From the records that follow, return exactly the lines beginning at the one that contains "Knusprige Spekulatiusblätter" and ending at the one that contains "Ricardo Lorenzetti en", pictures left out.

## Exercise data
↓

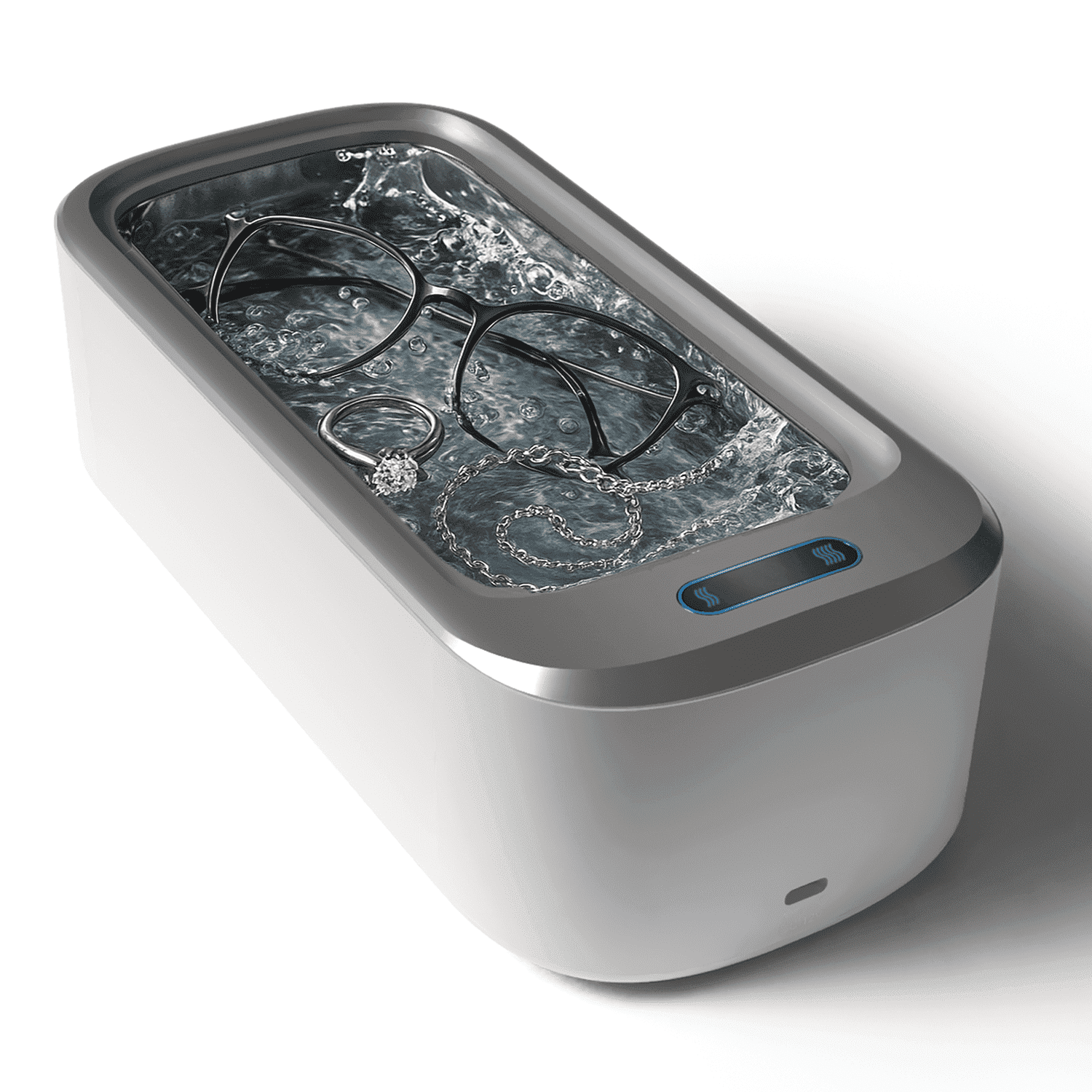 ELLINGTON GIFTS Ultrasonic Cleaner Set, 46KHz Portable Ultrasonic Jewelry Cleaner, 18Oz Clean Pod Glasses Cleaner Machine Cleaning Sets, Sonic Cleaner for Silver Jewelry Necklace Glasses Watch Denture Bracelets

↑
↓

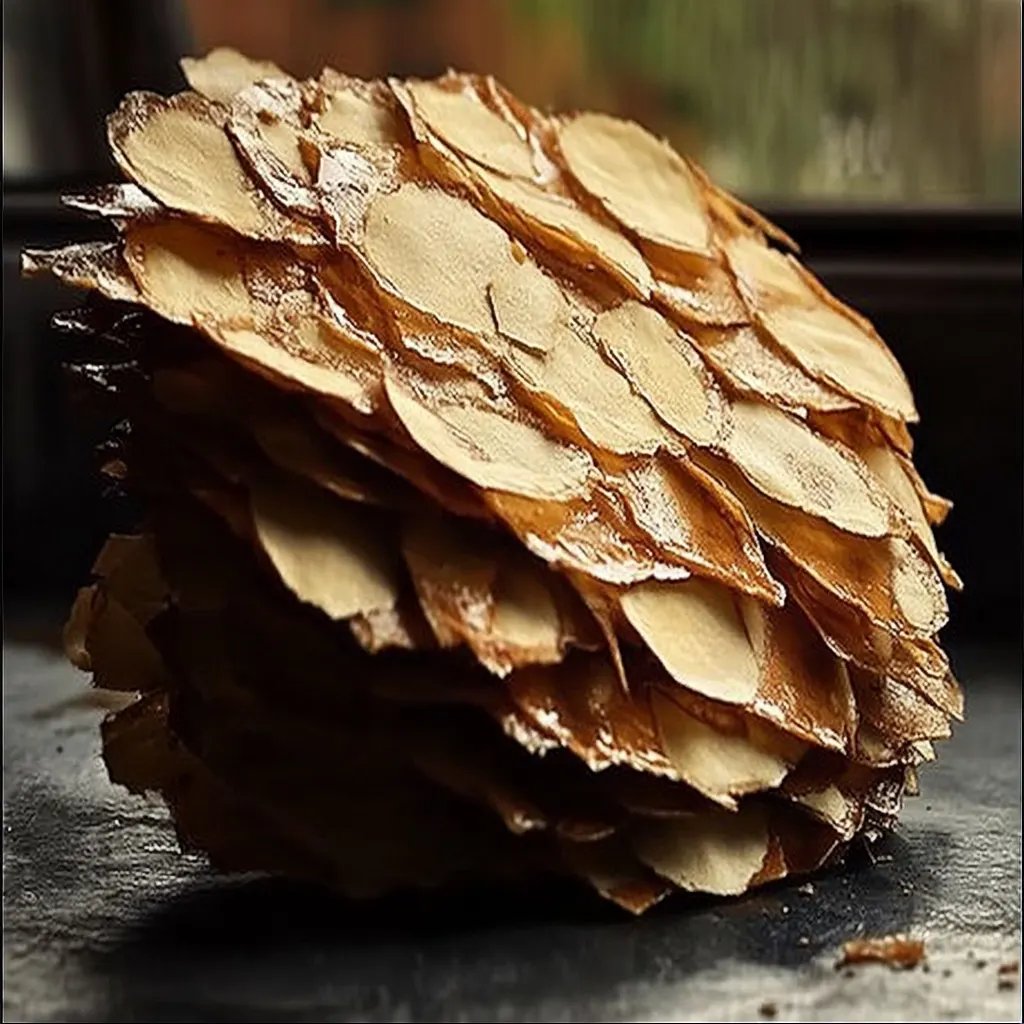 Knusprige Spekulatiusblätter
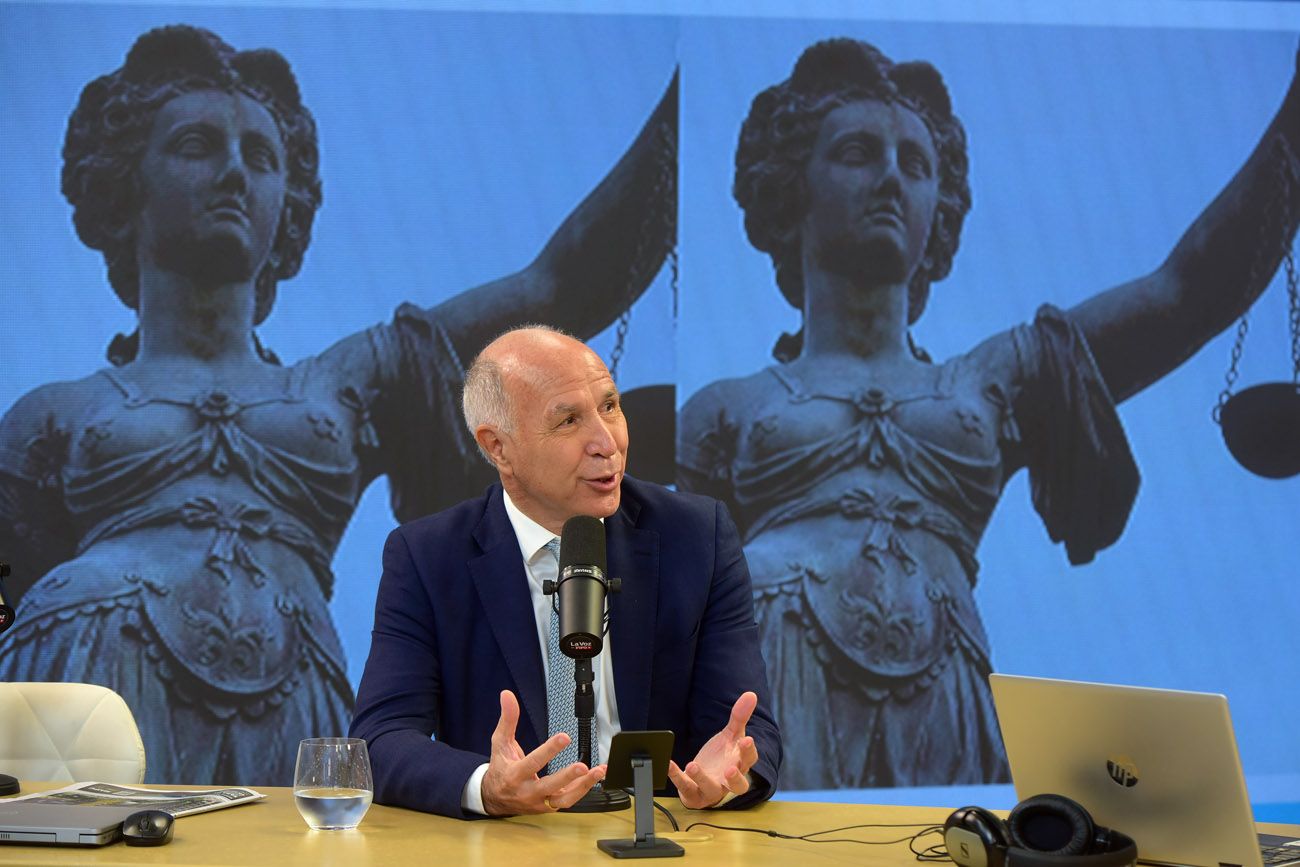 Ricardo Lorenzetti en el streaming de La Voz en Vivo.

↑
↓

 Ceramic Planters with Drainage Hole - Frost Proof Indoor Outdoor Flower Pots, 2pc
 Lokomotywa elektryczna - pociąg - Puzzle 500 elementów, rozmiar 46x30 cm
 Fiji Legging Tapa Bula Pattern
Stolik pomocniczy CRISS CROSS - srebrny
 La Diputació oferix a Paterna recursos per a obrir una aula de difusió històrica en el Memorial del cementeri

↑

## The answer
 Knusprige Spekulatiusblätter
 Ricardo Lorenzetti en el streaming de La Voz en Vivo.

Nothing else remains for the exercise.